## Aim of the exercise
Before anything else, copy every record below exactly as it stands.

## Given records
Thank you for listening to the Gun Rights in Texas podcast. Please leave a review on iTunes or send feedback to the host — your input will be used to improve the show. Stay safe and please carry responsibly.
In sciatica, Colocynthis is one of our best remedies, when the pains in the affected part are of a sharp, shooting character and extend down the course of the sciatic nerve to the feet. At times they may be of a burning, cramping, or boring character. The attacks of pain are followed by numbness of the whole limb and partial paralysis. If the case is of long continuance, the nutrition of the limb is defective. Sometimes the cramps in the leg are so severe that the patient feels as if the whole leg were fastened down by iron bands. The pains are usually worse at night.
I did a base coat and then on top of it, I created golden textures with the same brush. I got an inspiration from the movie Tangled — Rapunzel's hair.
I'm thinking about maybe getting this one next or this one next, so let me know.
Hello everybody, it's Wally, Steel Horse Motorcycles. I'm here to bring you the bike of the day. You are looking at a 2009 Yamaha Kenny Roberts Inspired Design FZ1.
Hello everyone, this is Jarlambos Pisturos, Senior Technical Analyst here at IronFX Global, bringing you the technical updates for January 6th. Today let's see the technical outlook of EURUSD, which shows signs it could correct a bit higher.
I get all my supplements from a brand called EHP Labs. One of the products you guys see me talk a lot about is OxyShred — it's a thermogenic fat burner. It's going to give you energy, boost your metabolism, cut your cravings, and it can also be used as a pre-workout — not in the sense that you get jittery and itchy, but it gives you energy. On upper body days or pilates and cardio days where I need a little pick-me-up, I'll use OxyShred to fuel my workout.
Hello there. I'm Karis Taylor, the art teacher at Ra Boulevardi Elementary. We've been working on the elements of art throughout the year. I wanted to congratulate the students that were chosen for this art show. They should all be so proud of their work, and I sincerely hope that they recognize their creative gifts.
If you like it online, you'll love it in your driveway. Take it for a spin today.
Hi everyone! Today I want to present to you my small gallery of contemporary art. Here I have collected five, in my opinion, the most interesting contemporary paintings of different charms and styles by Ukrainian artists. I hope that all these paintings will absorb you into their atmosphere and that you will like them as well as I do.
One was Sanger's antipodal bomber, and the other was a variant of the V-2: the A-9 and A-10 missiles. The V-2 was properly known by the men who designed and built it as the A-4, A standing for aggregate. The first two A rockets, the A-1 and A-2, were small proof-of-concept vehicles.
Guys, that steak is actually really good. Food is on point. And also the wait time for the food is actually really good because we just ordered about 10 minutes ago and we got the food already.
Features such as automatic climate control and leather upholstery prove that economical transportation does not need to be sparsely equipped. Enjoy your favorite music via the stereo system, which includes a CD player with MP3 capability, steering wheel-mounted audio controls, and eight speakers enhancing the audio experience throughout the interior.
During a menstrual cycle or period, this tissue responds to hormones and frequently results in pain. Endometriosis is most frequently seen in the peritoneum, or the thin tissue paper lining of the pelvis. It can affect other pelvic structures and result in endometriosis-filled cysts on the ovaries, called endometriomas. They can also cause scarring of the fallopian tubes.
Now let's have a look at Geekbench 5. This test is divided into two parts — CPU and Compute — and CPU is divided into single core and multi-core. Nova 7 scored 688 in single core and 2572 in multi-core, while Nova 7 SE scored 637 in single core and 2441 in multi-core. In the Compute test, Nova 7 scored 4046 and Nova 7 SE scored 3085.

## Response for this exercise
Thank you for listening to the Gun Rights in Texas podcast. Please leave a review on iTunes or send feedback to the host — your input will be used to improve the show. Stay safe and please carry responsibly.
In sciatica, Colocynthis is one of our best remedies, when the pains in the affected part are of a sharp, shooting character and extend down the course of the sciatic nerve to the feet. At times they may be of a burning, cramping, or boring character. The attacks of pain are followed by numbness of the whole limb and partial paralysis. If the case is of long continuance, the nutrition of the limb is defective. Sometimes the cramps in the leg are so severe that the patient feels as if the whole leg were fastened down by iron bands. The pains are usually worse at night.
I did a base coat and then on top of it, I created golden textures with the same brush. I got an inspiration from the movie Tangled — Rapunzel's hair.
I'm thinking about maybe getting this one next or this one next, so let me know.
Hello everybody, it's Wally, Steel Horse Motorcycles. I'm here to bring you the bike of the day. You are looking at a 2009 Yamaha Kenny Roberts Inspired Design FZ1.
Hello everyone, this is Jarlambos Pisturos, Senior Technical Analyst here at IronFX Global, bringing you the technical updates for January 6th. Today let's see the technical outlook of EURUSD, which shows signs it could correct a bit higher.
I get all my supplements from a brand called EHP Labs. One of the products you guys see me talk a lot about is OxyShred — it's a thermogenic fat burner. It's going to give you energy, boost your metabolism, cut your cravings, and it can also be used as a pre-workout — not in the sense that you get jittery and itchy, but it gives you energy. On upper body days or pilates and cardio days where I need a little pick-me-up, I'll use OxyShred to fuel my workout.
Hello there. I'm Karis Taylor, the art teacher at Ra Boulevardi Elementary. We've been working on the elements of art throughout the year. I wanted to congratulate the students that were chosen for this art show. They should all be so proud of their work, and I sincerely hope that they recognize their creative gifts.
If you like it online, you'll love it in your driveway. Take it for a spin today.
Hi everyone! Today I want to present to you my small gallery of contemporary art. Here I have collected five, in my opinion, the most interesting contemporary paintings of different charms and styles by Ukrainian artists. I hope that all these paintings will absorb you into their atmosphere and that you will like them as well as I do.
One was Sanger's antipodal bomber, and the other was a variant of the V-2: the A-9 and A-10 missiles. The V-2 was properly known by the men who designed and built it as the A-4, A standing for aggregate. The first two A rockets, the A-1 and A-2, were small proof-of-concept vehicles.
Guys, that steak is actually really good. Food is on point. And also the wait time for the food is actually really good because we just ordered about 10 minutes ago and we got the food already.
Features such as automatic climate control and leather upholstery prove that economical transportation does not need to be sparsely equipped. Enjoy your favorite music via the stereo system, which includes a CD player with MP3 capability, steering wheel-mounted audio controls, and eight speakers enhancing the audio experience throughout the interior.
During a menstrual cycle or period, this tissue responds to hormones and frequently results in pain. Endometriosis is most frequently seen in the peritoneum, or the thin tissue paper lining of the pelvis. It can affect other pelvic structures and result in endometriosis-filled cysts on the ovaries, called endometriomas. They can also cause scarring of the fallopian tubes.
Now let's have a look at Geekbench 5. This test is divided into two parts — CPU and Compute — and CPU is divided into single core and multi-core. Nova 7 scored 688 in single core and 2572 in multi-core, while Nova 7 SE scored 637 in single core and 2441 in multi-core. In the Compute test, Nova 7 scored 4046 and Nova 7 SE scored 3085.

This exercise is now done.